A diagnosis of HCM with LVOTO was established when he was 11 years old. He began experiencing periodic refractory chest pain at the age of 14. Over the years, he was admitted to cardiology departments and received medical treatment in multiple countries. In April 2021, the patient suffered syncope. An ECG (Figure 1) revealed atrial fibrillation with a high ventricular rate. In response, emergency DC cardioversion was conducted using 150 J due to a pulse of 128 b.p.m. and a blood pressure of 80/50 mmHg. Despite achieving sinus rhythm with a heart rate of 60–70 b.p.m., the patient continued to endure prolonged bouts of resting chest pain, which only responded to opioids. Subsequent echocardiography indicated a thickened LV septum measuring up to 33 mm, mild mitral regurgitation with an LVOT gradient of 40 mmHg (Figure 2). These measurements were taken at rest. Due to the patient’s severe chest pain even at rest, exercise testing was not performed. A coronary angiography showed well-developed septal branches that collapsed entirely during systole within the left anterior descending (LAD) and posterior descending (PDA) branches of the right coronary artery (RCA). Additionally, a muscular bridge was observed on mid LAD, contributing to 50% stenosis during systole. To address this, an ethyl alcohol ablation of the first septal branch of the LAD was performed in April 2021 under general anaesthesia, utilizing 2 mL of 95% ethyl alcohol (Figure 3). Post-procedure assessment confirmed complete occlusion of the septal branch (Figure 3C), resulting in significant relief from angina. Follow-up echocardiography indicated a decrease in LV septum thickness to 26 mm and an LVOT gradient reduction to 16 mmHg at rest (Figure 4). Upon discharge, the patient’s medication regimen included acetylsalicylic acid 75 mg, bisoprolol 5 mg, amiodarone 200 mg, and clopidogrel 75 mg.

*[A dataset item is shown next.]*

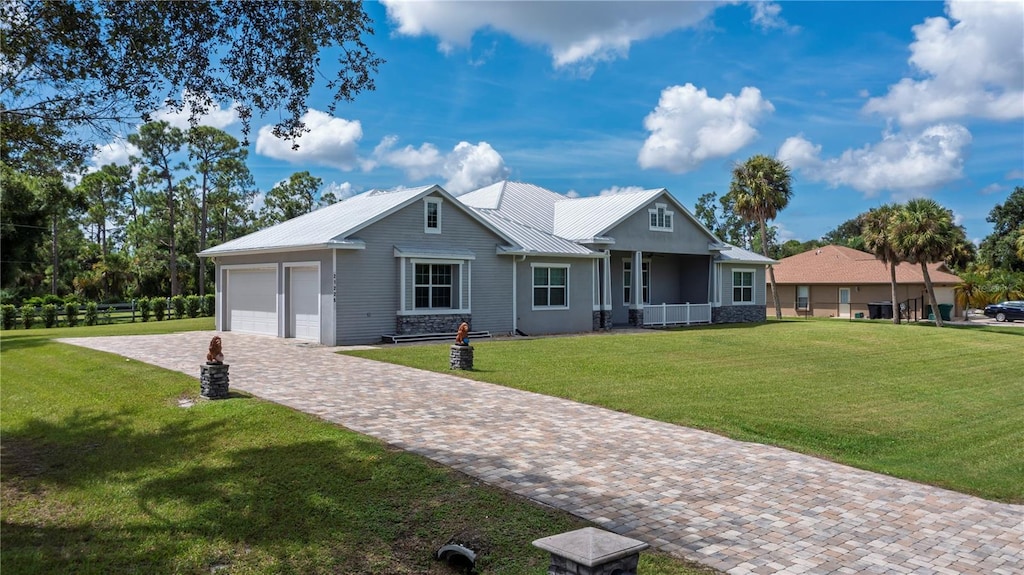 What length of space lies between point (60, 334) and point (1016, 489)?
2674 centimetres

Following the episode of syncope, an electrocardiogram (ECG) was performed and indicated the presence of atrial fibrillation with a rapid ventricular response.

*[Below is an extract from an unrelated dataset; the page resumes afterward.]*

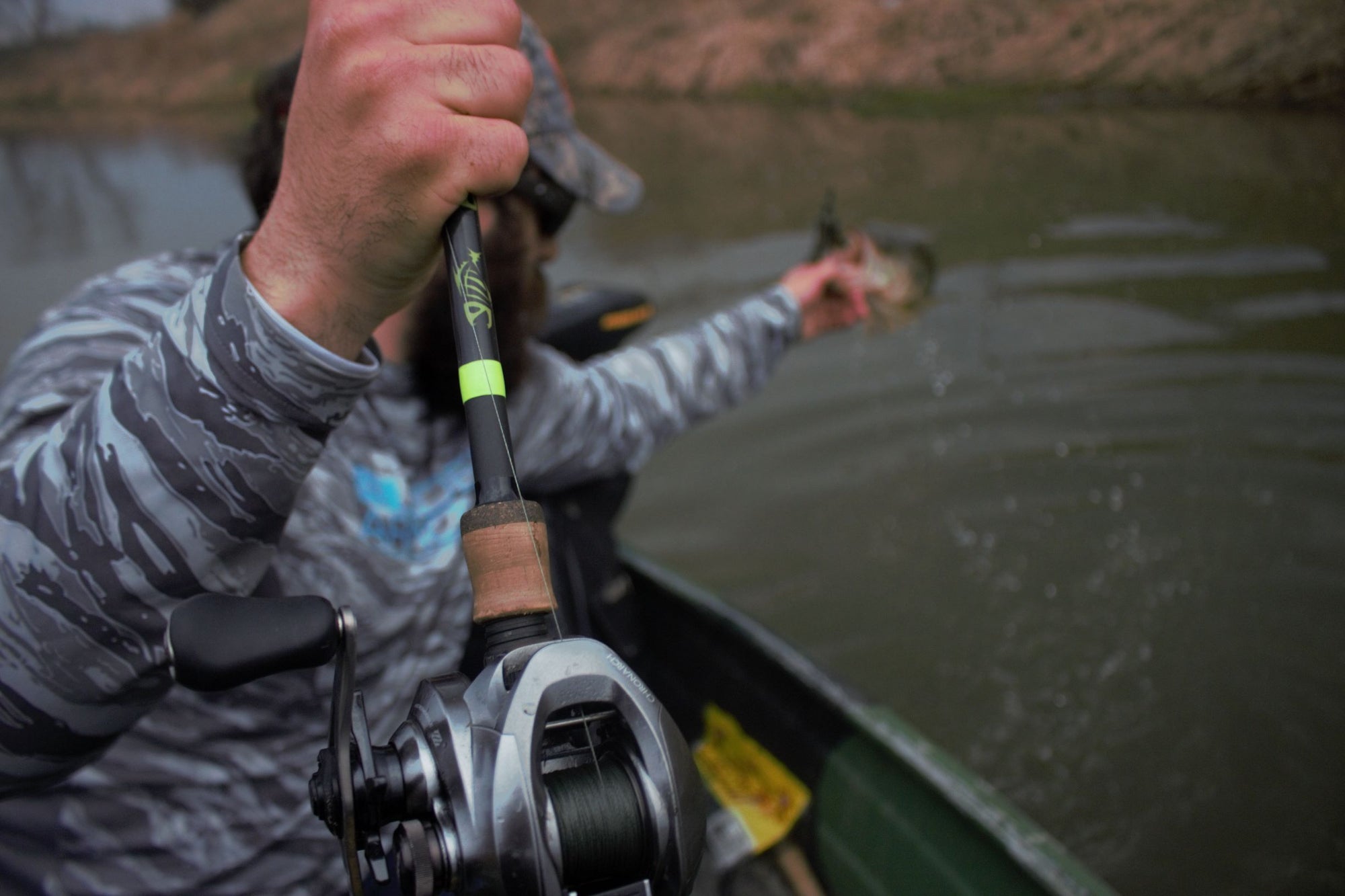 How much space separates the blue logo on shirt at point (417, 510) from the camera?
168cm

The initial echocardiography conducted prior to the ethanol ablation procedure revealed a thickened left ventricular septum, measuring up to 33 mm, causing obstruction within the left ventricular outflow tract up to 40 mmHg of gradient.
Alcohol septal ablation of the first septal branch of left anterior descending artery is shown: the dominant first septal branch (arrow) (A); an over-the-wire balloon (arrow) is inflated in the dominant first septal branch (B); occlusion of septal branch (arrow) after the alcohol ablation (C).

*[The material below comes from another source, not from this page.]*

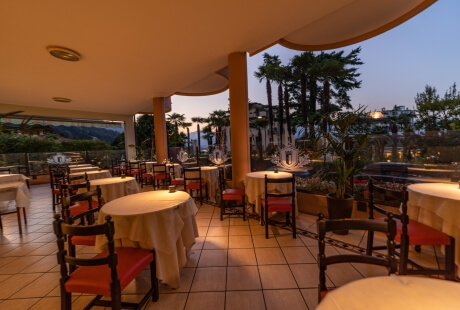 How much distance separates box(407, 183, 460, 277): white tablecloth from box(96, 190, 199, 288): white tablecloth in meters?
2.37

Subsequent to the first ethanol ablation, a follow-up echocardiography demonstrated a reduction in the thickness of the left ventricular (LV) septum to 26 mm, alongside a decrease in the left ventricular outflow tract (LVOT) gradient to 16 mmHg.
The patient remained free of chest pain for three months after the first alcohol ablation procedure. However, he then began to experience moderate to severe chest pain at rest. His pulse and blood pressure at the moment of chest pain were 70 b.p.m. and 90–100/70 mmHg, respectively. He was hospitalized twice with elevated troponin levels, up to 0.45 ng/mL. In November 2021, a coronary angiography was conducted, revealing a negative correlation between pulse and coronary blood flow rate in the left anterior descending artery (LAD), as measured by a transvenous pacemaker. Furthermore, stenosis of the muscular bridge in mid LAD had increased up to 90%. At his own pulse of 50 b.p.m., coronary flow was normal with complete occlusion of septal branches during systole (see Supplementary material online, Video S1). At pulse rates of 70, 100, and 120 b.p.m., the coronary flow was categorized as TIMI II, TIMI I, and TIMI 0, respectively (see Supplementary material online, Videos S2, S3, and S4, respectively). A decision was made to relieve the muscular bridge through myotomy in November 2021, but this procedure did not significantly alleviate the chest pain.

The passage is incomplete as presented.